The Savills Blog

The boom in West End office take-up: a look behind the figures

Bond Street, London W1

It’s a head scratcher: despite cautious market sentiment, office take-up in London’s West End in September 2017 reached 871,693 sq ft, bringing total take-up in the third quarter to 1.64 million sq ft. This is the highest quarterly total ever recorded in the West End.

Along with Aegis pre-letting the entirety of British Land’s 1 Triton Square, The Boston Consulting Group (BCG) pre-let 123,500 sq ft at 80 Charlotte Street and Spotify acquired 104,133 sq ft at The Adelphi in what perhaps is an alignment of the stars, both having had requirements in the market for over a year. Nonetheless, it's a stellar quarter of leasing activity that has brought total take-up for the year to date to 4.01 million sq ft, surpassing 2016’s total annual take-up (3.97 million sq ft), and places the West End in good stead to exceed 2015’s record of 4.3 million sq ft. This feels wrong...

How?

Tech and media occupiers remain the busiest. Whether this is driven by building obsolescence and a desire for better offices or an end to pent-up referendum inertia, the over-riding point remains: London is Europe's creative hub and a modern yet characterful building in an amenity-rich location can be a key weapon in the war for talent.

The Rub:

So far in 2017, serviced office providers have accounted for a fifth of West End take-up, compared with just six per cent in the previous five years. While every year has a ‘whale’ affecting take-up (Apple/Facebook), some do not regard serviced office operator activity as true take-up because the space remains available to tenants just in a different, more flexible way. Whichever view you take, the rate of growth – both from those that are new to the market and those already established – shows no sign of abating.

Evidently, the office market is being disrupted and it is being driven by hassle or the removal thereof.
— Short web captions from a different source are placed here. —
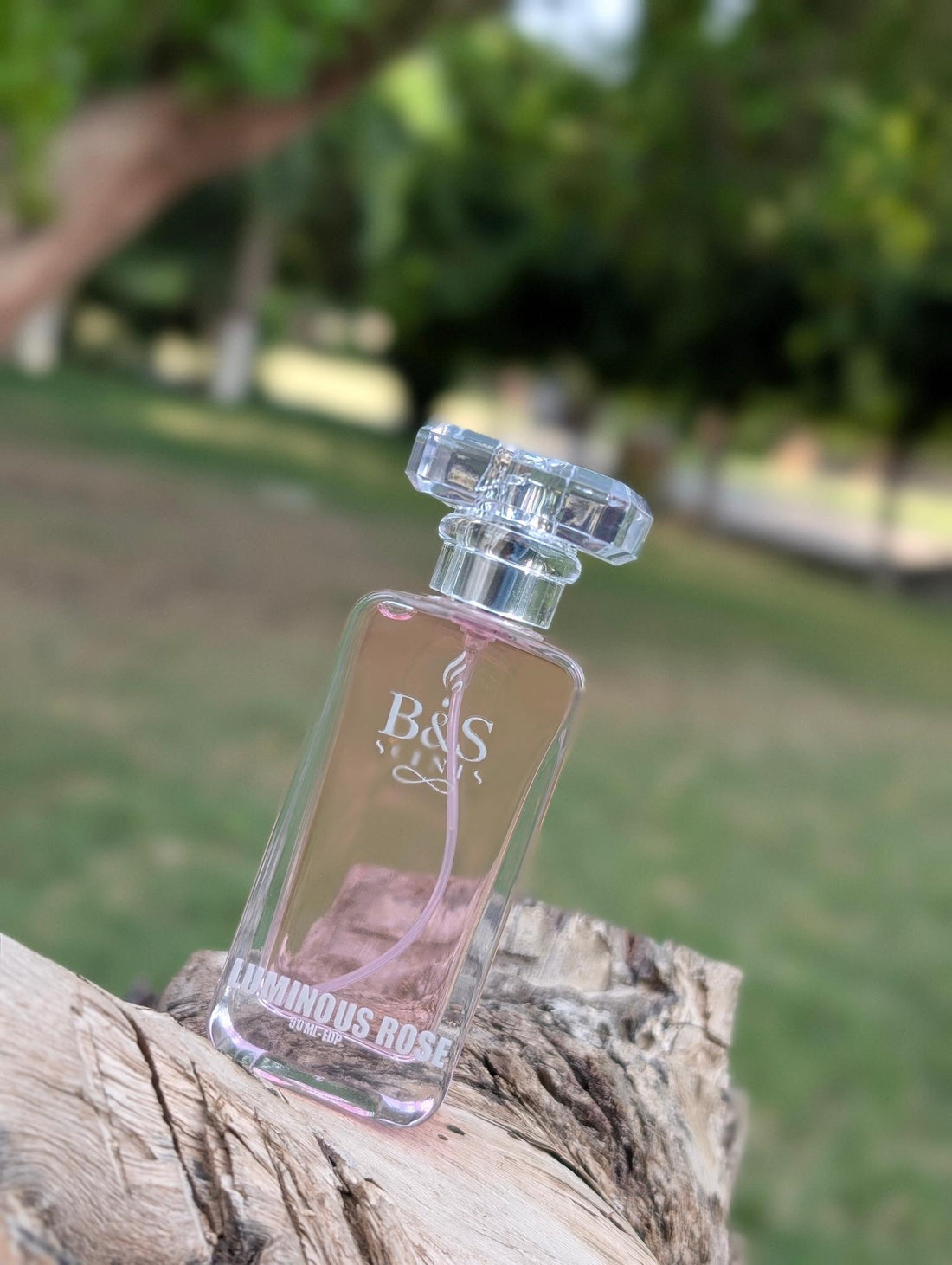 LUMINOUS ROSE by BNS Scents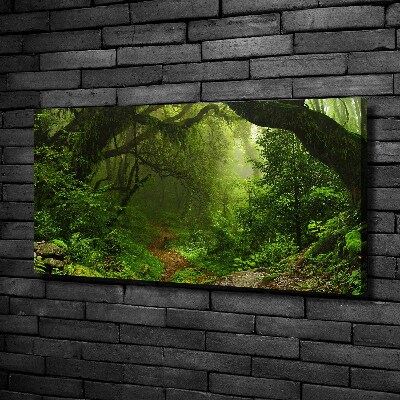 Quadro stampa su tela Giungla in Nepal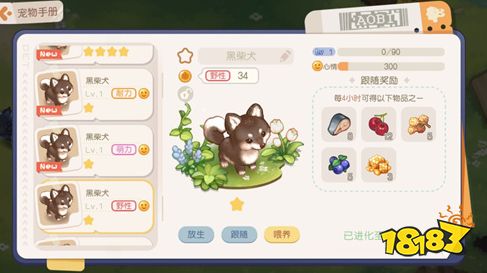 奥比岛梦想国度宠物有哪些 最新宠物图鉴大全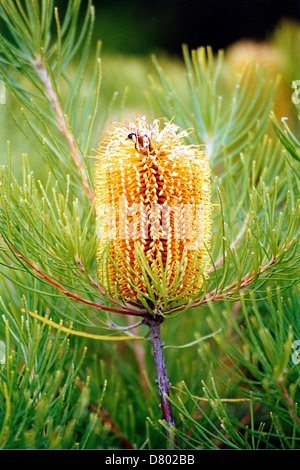 Banksia Banksia Spinulosa, épingle Banque D'Images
Like Uber, Deliveroo and Amazon, all variants of serviced office space mitigate hassle: capital expenditure, refurbishment, phone line installation and, increasingly, the looming impact of IFRS 16 – new international accounting standards requiring all parties to show leases on their balance sheets.

Time will tell whether there is enough demand to fill all these new centres, but it is too structural to be dismissed as a trend (as some have) and feels more like an overhyped maturing of what was a fragmented sector, similar to the residential private rented sector. There has always been a rental market but ‘amateur’ providers are being replaced by professional operators.

Of course, serviced space is not for everyone and most occupiers continue to prefer their own front door, but the lessons learnt from the last 12 months must be grasped by landlords because tenants = income and traditional ‘Category A’ delivery is becoming, or perhaps even is already, a thing of the past. Landlords have their work cut out to close the gap and improve their relevance to an increasingly demanding consumer base which, in turn, provides the opportunity for advisors to outshine brokers going forward.

Ignoring the granular detail, together, the growth of tech and media and serviced office operators in the West End complements the ongoing desire from professional and more traditional businesses that have long chosen to reside in London’s West End. It’s this dynamic mix of occupiers, combined with world class retail, culture, public spaces and heritage that makes the West End office market robust in the face of any uncertainty around wider geo-political events.